In epidemiology, the reproduction number R 0 refers to the number of newly infection cases caused by a typical infectious individual in a completely susceptible population [19, 20]. Based on the compartmental models of schistosomiasis prevalence in humans, cattle and snails populations, the R(  ) denotes the temporal predictive function by the format of the reproduction number R 0. R(  ) can be further determined by the impact factor vector X(t), that is R() = R(X(t)). In this regard, the dynamics of schistosomiasis prevalence can be estimated by the occurrences of schistosomiasis in the three mentioned host populations based on the last years schistosomiasis occurrence Y(t − 1) as well as the environment X(t) [21, 22], i.e. the impact factor vector X(t). Here, t denotes the current year.
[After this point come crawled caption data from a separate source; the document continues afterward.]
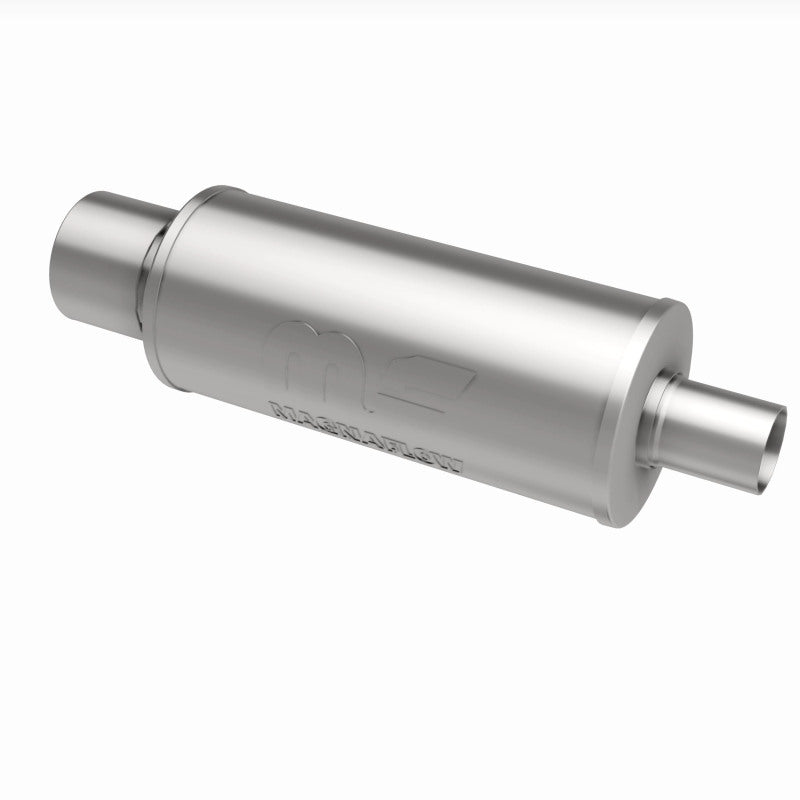 MagnaFlow Muffler W/Tip Mag SS 14X6X6 2.25/4.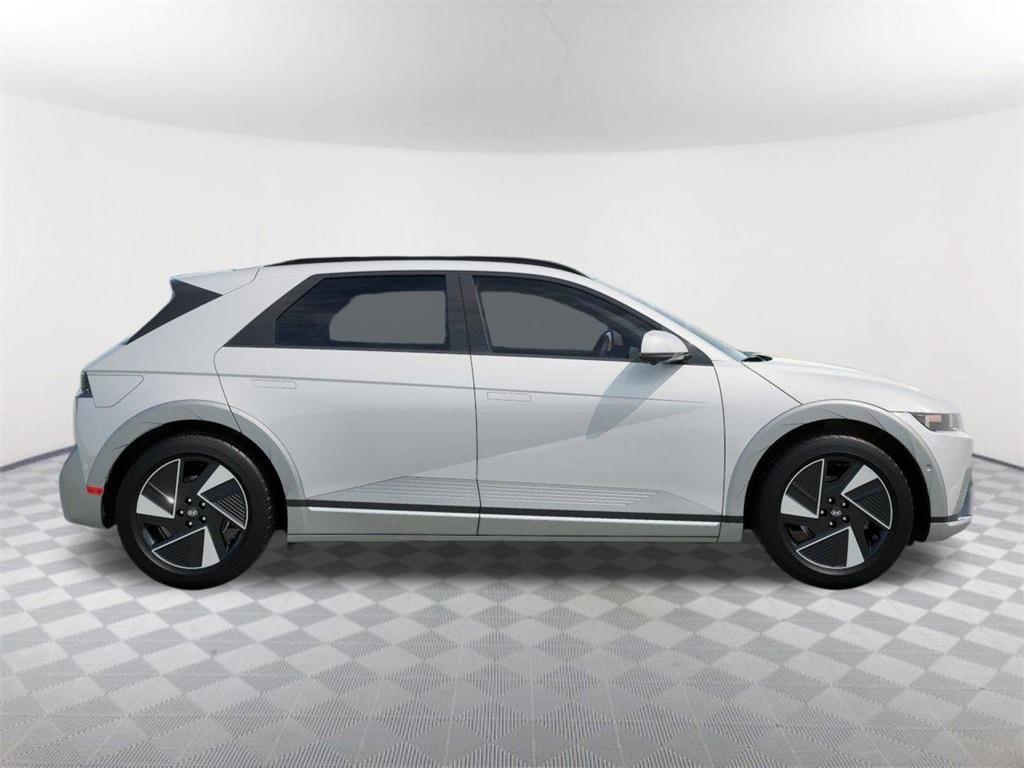 new 2025 Hyundai IONIQ 5 car, priced at $47,935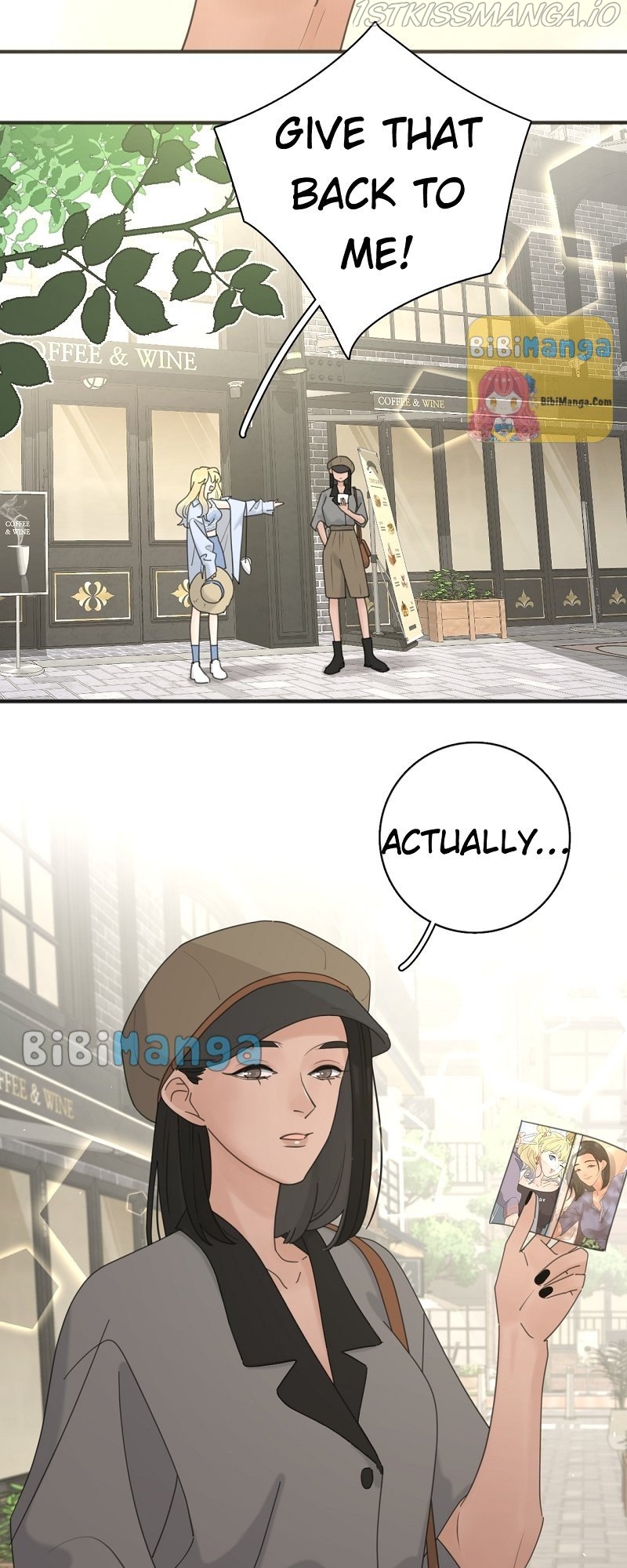 The Looks of Love: the heart has its reasons Chapter 95 - page 30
$$ \boldsymbol{Y}\left(\boldsymbol{t}\right)=\boldsymbol{R}\left(\boldsymbol{X}\left(\boldsymbol{t}\right)\right)\cdot \boldsymbol{Y}\left(\boldsymbol{t}-1\right) $$

Furthermore, given that the occurrence rates of schistosomiasis in humans, cattle and snails populations in Jiangling County are near zero, a linearized assumption about the predictive function R(X(t)) was used when Y(t) is close to zero.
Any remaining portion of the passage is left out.